It'd probably be simpler to keep hold of the backend-local address of
the the base of the workitems array and then use regular C language
facilities like array notation to work with it: workitems =
&workitems[i], and then:

+    /* ... and put it on autovacuum's to-do list */
+    workitems->avs_usedItems = wi_ptr;

Considering that i is really an index into the contiguous workitems
array, maybe you should really just be storing the index from i here,
instead of dealing in dsa_pointers. The idea with dsa_pointers is
that they're useful for complex data structures that might point into
different DSM segments, like a hash table or binary tree that has
internal pointers that could pointer arbitrary other objects in a data
structure because it's allocated in incremental pieces. Here, you are
dealing with objects in a contiguous memory space of fixed size. This
leads to a bigger question about this design, which I'll ask at the
end.

Then at the bottom of AutoVacuumRequestWork:

+    LWLockRelease(AutovacuumLock);
+    dsa_detach(AutoVacuumDSA);
+    AutoVacuumDSA = NULL;
+}

I'm guessing that you intended to remain attached, rather than
detaching at the end like this?
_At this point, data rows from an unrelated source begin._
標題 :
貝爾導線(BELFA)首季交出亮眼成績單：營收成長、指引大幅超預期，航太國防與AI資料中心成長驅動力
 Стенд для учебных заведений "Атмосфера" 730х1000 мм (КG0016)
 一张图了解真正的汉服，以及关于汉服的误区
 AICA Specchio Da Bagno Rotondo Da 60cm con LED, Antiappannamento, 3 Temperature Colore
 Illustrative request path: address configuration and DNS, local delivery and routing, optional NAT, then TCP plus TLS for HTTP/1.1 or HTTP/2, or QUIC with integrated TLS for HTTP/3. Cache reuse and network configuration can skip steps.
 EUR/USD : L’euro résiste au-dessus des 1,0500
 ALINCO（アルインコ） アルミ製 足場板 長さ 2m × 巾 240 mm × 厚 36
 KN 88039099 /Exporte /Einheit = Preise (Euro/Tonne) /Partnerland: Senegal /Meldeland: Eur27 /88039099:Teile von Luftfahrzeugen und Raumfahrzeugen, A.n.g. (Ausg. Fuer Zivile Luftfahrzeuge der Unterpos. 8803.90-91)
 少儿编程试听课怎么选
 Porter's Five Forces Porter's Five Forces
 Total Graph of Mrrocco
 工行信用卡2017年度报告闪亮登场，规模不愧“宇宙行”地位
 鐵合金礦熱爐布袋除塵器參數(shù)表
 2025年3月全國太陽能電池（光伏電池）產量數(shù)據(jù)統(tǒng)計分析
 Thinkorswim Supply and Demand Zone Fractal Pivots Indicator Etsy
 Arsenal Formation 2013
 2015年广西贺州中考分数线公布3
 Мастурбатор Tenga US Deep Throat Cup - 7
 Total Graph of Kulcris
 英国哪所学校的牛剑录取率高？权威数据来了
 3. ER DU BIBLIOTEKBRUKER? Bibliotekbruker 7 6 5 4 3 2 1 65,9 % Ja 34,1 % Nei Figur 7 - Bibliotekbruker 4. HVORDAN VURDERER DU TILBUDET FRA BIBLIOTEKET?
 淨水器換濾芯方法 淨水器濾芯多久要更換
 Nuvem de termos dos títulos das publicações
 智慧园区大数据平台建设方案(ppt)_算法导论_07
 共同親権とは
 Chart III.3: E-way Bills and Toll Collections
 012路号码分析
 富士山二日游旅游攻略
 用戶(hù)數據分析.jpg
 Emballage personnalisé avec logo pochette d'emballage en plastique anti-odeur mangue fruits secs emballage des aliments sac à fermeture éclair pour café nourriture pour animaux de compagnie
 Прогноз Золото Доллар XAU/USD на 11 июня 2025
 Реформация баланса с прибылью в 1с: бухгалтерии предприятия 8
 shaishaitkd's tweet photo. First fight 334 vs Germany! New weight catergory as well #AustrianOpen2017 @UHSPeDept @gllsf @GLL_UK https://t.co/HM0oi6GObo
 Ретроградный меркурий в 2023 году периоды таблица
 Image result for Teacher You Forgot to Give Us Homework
Otherwise every backend that is
inserting lots of new data attaches and detaches repeatedly, which
seems unnecessary. If you do that, you'll need to run
dsa_pin_mapping() after attaching, or else the DSA area will be
unmapped at end of transaction and future attempts to access it will
segfault.

In dsm.c:

-    ResourceOwnerEnlargeDSMs(CurrentResourceOwner);
+    if (CurrentResourceOwner)
+        ResourceOwnerEnlargeDSMs(CurrentResourceOwner);

... and then:

-    seg->resowner = CurrentResourceOwner;
-    ResourceOwnerRememberDSM(CurrentResourceOwner, seg);
+    if (CurrentResourceOwner)
+    {
+        seg->resowner = CurrentResourceOwner;
+        ResourceOwnerRememberDSM(CurrentResourceOwner, seg);
+    }

This makes sense. It allows DSMs (and therefore also DSA areas) to be
created when you don't have a resource owner. In fact dsm.c
contradicts itself sightly in this area: dsm_create() clearly believes
that seg->segment can be NULL after dsm_create_descriptor() returns
(see code near "too many dynamic shared memory segments" error), but
dsm_create_descriptor() doesn't believe that to be the case without
your patch, so perhaps this should be a separate commit to fix that
rough edge. However, I think dsm_create_descriptor() still needs to
assign seg->resowner even when it's NULL, otherwise it's
uninitialised.

My solution to this problem when I wrote a couple of different things
that used long lifetime DSA areas (experimental things not posted on
this list) was to define a CurrentResourceOwner with a name like "Foo
Top Level", and then after creating/attaching the segment I'd call
dsa_pin_mapping() which in turn calls dsm_pin_mapping() on all
segments. Your solution starts out in the pinned mapping state
instead (= disconnected from resource owner machinery), which is
better.

In AutoVacWorkerMain:

+ if (workitem->avw_database == MyDatabaseId &&
!workitem->avw_active)

Stepping over already-active items in the list seems OK because the
number of such items is bounded by the number of workers. Stepping
over all items for other databases sounds quite expensive if it
happens very often, because these are not so bounded. Ah, there can't
be more than NUM_WORKITEMS, which is small.

+                /*
+                 * Remove the job we just completed from the used list and put
+                 * the array item back on the free list.
+                 */
+                workitems->avs_usedItems = workitem->avw_next;

Isn't this corrupting the list avs_usedItems queue if avw_next points
to an item that some other worker has removed from the list while we
were working on our item?

Stepping back from the code a bit:

What is your motivation for using DSA? It seems you are creating an
area and then using it to make exactly one allocation of a constant
size known up front to hold your fixed size workitems array. You
don't do any dynamic allocation at runtime, apart from the detail that
it happens to allocated on demand. Perhaps it would make sense if you
had a separate space per database or something like that, so that the
shared memory need would be dynamic?

It looks like outstanding autosummarisation work will be forgotten if
you restart before it is processed. Over in another thread[1]/messages/by-id/20170130191640.2johoyume5v2dbbq@alvherre.pgsql we
exchanged emails on another way to recognise that summarisation work
needs to be done, if we are only interested in unsummarised ranges at
the end of the heap. I haven't studied BRIN enough to know if that is
insufficient: can you finish up with unsummarised ranges not in a
contiguous range at the end of the heap? If so, perhaps the BRIN
index itself should also have a way to record that certain non-final
ranges are unsummarised but should be summarised asynchronously? Then
the system could be made to behave exactly the same way no matter when
reboots occur, which seems like a good property.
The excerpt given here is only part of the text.